## WHAT THE EXERCISE ASKS
Go to the line in the entries below that holds "Mobil Legends Etkinlik" and repeat exactly from there through the line that holds "Drifloon - Pokémon TCG Card", inclusive.

Extracted data entries
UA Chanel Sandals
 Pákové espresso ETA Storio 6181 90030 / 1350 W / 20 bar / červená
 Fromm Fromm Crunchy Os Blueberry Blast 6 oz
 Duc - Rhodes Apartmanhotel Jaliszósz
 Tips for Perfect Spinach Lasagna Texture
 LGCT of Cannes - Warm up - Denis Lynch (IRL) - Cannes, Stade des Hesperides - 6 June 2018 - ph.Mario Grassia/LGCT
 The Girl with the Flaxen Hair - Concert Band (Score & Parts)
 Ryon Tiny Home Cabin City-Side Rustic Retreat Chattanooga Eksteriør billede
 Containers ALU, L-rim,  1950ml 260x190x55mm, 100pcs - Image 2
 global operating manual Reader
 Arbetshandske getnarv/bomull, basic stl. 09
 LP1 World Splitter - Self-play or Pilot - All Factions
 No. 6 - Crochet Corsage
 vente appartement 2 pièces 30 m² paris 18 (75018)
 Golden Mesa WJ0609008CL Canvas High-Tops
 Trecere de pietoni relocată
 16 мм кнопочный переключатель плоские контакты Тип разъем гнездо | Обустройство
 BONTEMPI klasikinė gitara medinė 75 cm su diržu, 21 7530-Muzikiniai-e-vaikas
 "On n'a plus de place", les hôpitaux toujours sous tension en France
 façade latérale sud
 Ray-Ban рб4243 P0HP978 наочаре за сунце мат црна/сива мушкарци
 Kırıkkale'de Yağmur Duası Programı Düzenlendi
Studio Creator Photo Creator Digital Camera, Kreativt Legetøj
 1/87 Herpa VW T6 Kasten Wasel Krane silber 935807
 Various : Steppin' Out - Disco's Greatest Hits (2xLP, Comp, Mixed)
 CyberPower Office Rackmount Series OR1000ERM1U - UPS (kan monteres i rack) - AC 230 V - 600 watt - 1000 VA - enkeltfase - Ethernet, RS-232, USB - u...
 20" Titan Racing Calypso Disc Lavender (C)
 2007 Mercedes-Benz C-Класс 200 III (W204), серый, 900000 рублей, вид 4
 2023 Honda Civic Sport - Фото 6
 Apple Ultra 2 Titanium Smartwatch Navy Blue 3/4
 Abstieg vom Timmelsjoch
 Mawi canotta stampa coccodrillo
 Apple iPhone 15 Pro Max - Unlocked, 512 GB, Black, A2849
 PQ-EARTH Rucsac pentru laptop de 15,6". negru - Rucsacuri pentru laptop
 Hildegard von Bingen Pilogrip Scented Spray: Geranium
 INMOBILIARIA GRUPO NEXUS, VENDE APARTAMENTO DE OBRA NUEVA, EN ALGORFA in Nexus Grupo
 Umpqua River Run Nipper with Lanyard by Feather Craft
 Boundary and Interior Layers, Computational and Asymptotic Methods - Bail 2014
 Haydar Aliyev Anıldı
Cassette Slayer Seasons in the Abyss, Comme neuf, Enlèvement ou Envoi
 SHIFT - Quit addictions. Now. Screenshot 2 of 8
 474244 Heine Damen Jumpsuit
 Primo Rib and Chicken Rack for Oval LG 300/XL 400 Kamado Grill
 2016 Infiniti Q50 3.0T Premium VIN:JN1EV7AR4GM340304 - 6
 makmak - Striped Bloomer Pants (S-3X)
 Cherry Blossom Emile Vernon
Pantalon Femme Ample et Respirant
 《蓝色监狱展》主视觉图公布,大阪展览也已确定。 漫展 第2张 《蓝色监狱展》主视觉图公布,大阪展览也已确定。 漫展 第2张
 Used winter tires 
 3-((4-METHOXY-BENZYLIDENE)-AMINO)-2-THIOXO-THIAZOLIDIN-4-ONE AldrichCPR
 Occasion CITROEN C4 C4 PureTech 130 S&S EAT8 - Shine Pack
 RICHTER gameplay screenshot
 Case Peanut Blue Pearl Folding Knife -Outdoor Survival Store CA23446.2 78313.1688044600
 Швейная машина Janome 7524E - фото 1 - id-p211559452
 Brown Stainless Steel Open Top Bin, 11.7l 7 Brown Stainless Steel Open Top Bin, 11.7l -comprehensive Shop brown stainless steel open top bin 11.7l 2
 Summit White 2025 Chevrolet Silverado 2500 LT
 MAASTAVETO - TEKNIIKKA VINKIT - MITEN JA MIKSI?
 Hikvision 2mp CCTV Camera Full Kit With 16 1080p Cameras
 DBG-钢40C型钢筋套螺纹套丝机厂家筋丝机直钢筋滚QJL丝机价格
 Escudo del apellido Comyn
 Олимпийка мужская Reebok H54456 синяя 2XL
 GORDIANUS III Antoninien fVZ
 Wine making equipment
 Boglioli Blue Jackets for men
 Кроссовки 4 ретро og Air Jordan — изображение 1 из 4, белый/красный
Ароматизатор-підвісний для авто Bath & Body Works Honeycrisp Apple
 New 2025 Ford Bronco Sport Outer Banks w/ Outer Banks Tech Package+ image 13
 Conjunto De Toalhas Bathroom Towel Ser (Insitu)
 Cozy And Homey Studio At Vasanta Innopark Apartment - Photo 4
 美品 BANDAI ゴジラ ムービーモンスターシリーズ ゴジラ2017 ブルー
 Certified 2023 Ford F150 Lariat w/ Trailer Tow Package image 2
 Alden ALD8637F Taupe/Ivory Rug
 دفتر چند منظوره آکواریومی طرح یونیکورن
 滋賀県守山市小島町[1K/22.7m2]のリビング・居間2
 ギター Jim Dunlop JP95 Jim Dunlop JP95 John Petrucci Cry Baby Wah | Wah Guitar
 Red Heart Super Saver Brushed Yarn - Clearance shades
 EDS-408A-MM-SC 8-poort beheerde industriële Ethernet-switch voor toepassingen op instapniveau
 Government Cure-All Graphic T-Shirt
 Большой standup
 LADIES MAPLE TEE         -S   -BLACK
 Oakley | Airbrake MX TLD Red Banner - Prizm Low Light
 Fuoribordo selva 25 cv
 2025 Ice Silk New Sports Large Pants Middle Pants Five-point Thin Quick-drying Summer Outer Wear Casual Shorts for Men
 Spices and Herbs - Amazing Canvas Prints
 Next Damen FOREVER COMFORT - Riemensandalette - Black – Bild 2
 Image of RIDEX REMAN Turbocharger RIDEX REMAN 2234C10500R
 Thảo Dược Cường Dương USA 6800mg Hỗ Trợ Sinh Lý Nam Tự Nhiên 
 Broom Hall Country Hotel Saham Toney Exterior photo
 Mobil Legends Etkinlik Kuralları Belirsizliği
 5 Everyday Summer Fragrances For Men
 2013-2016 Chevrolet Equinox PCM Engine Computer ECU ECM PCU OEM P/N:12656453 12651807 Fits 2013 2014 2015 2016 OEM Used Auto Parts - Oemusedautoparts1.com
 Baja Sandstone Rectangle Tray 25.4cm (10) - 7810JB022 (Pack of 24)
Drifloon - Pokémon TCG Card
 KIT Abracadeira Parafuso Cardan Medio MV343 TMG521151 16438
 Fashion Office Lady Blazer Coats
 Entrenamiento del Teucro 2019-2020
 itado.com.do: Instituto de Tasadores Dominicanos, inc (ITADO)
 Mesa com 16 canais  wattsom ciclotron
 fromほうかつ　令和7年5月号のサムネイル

## OUTPUT FOR THIS TASK
 Mobil Legends Etkinlik Kuralları Belirsizliği
 5 Everyday Summer Fragrances For Men
 2013-2016 Chevrolet Equinox PCM Engine Computer ECU ECM PCU OEM P/N:12656453 12651807 Fits 2013 2014 2015 2016 OEM Used Auto Parts - Oemusedautoparts1.com
 Baja Sandstone Rectangle Tray 25.4cm (10) - 7810JB022 (Pack of 24)
Drifloon - Pokémon TCG Card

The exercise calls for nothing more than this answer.